Material provided ::
● ● ● ● ●
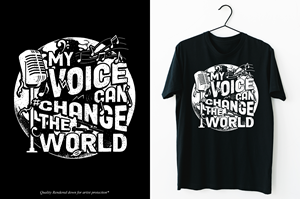 Design de T-shirt par re44 pour Temple Shir Shalom | Design : #31201665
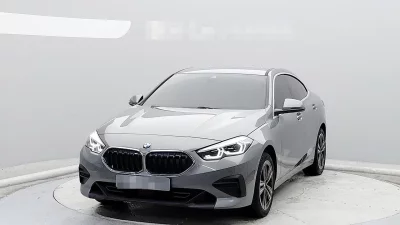 BMW 2-Series Gran Coupe
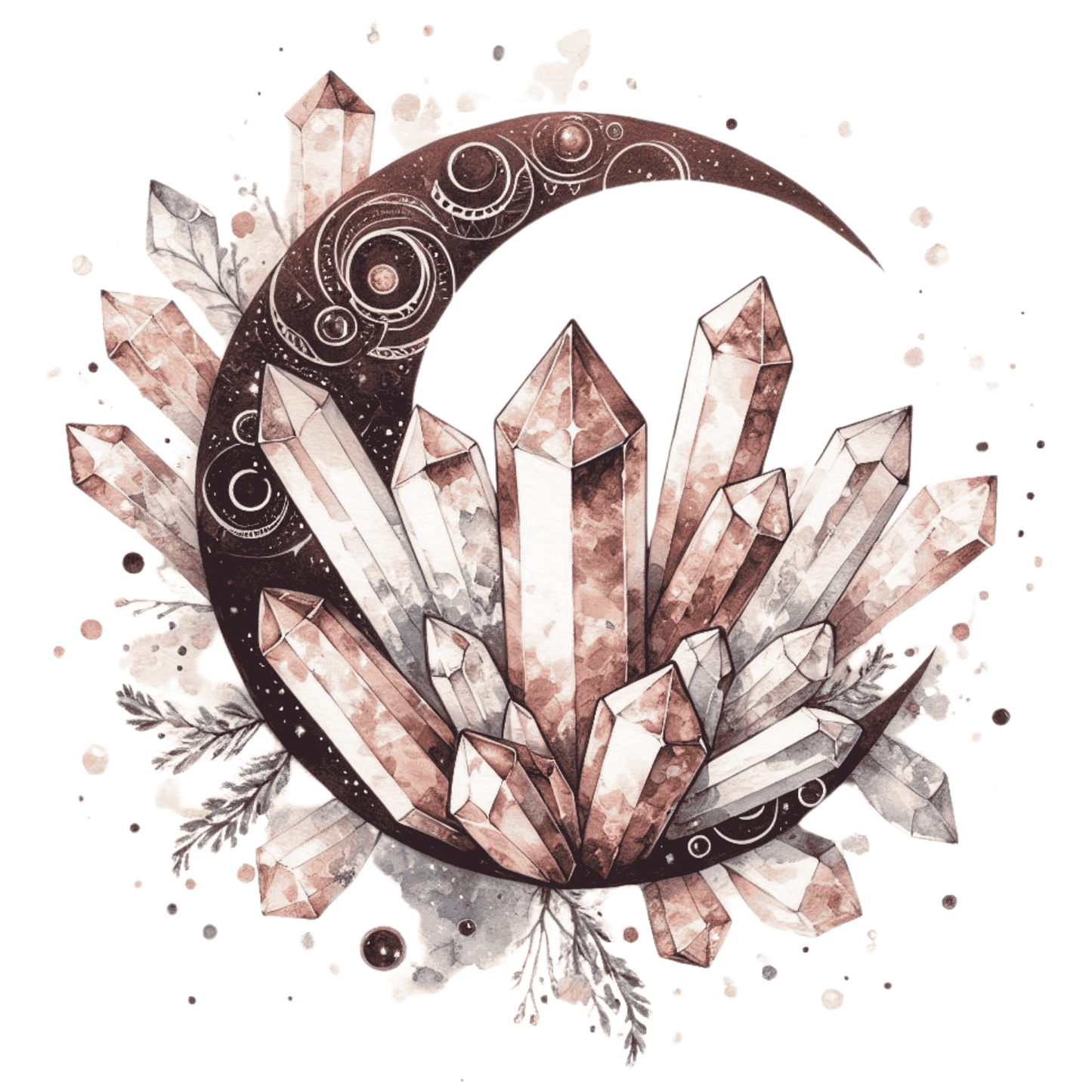 Crescent Moon 11 Clothing Design 194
● ● ● ● ●
What is needed :: Write out the listing word for word, omitting the pictures it holds.

Result ::
 Design de T-shirt par re44 pour Temple Shir Shalom | Design : #31201665
 BMW 2-Series Gran Coupe
 Crescent Moon 11 Clothing Design 194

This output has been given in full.